## What the exercise asks
Exactly the lines from the one containing "Kingston 512GB microSDHC" through the one containing "SORRENTO: Pizza School" in the listing below are to be copied, with the pictures left out.

## Given records
/---
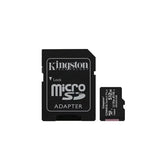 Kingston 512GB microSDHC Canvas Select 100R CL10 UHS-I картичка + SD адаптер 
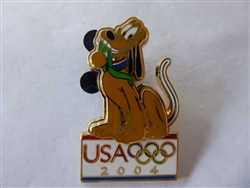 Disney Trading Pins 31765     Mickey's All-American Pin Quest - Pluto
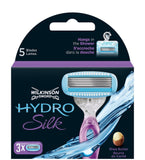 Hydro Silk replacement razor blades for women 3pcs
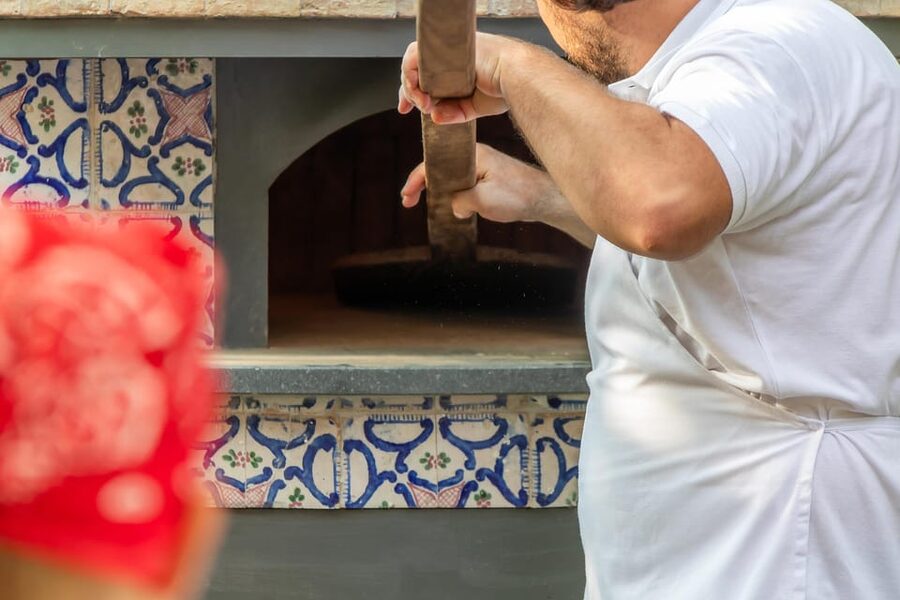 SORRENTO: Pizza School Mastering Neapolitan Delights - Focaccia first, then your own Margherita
\---
/---
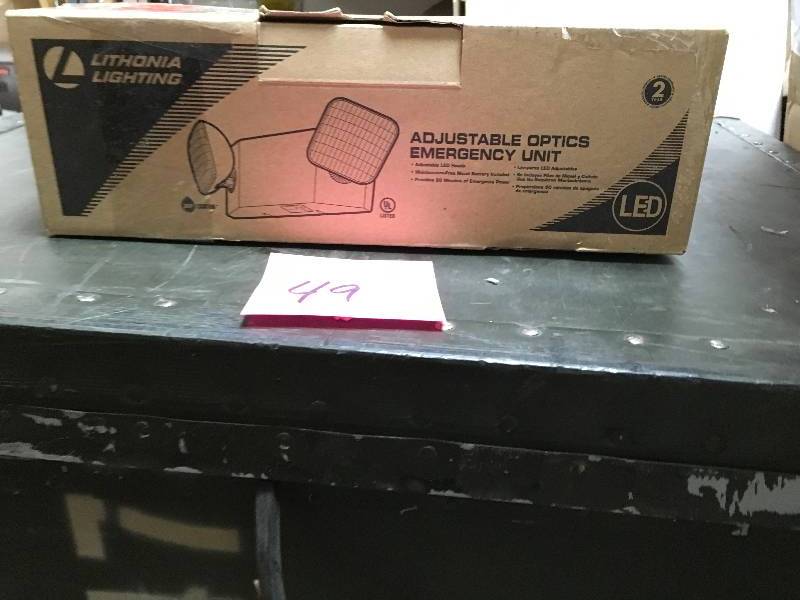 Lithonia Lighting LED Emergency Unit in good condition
\---
/---
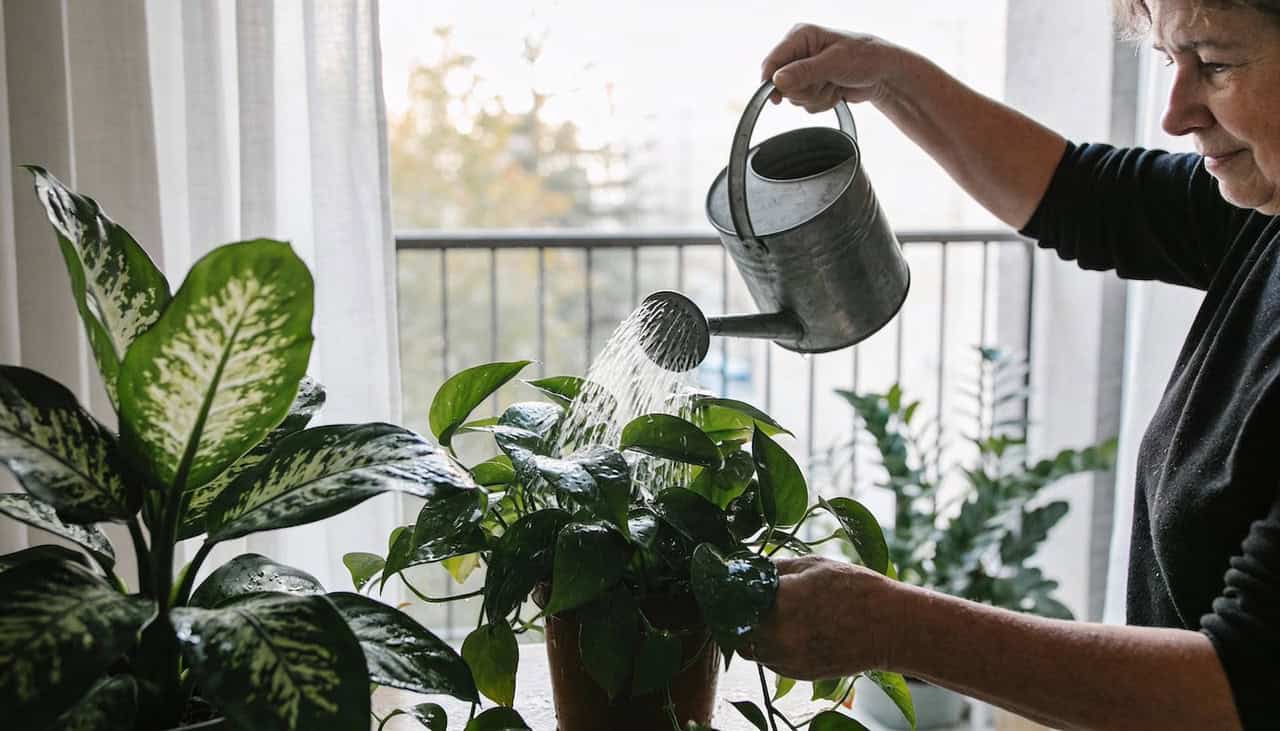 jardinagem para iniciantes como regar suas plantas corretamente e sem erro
\---
## Result of this exercise
 Kingston 512GB microSDHC Canvas Select 100R CL10 UHS-I картичка + SD адаптер 
 Disney Trading Pins 31765     Mickey's All-American Pin Quest - Pluto
 Hydro Silk replacement razor blades for women 3pcs
 SORRENTO: Pizza School Mastering Neapolitan Delights - Focaccia first, then your own Margherita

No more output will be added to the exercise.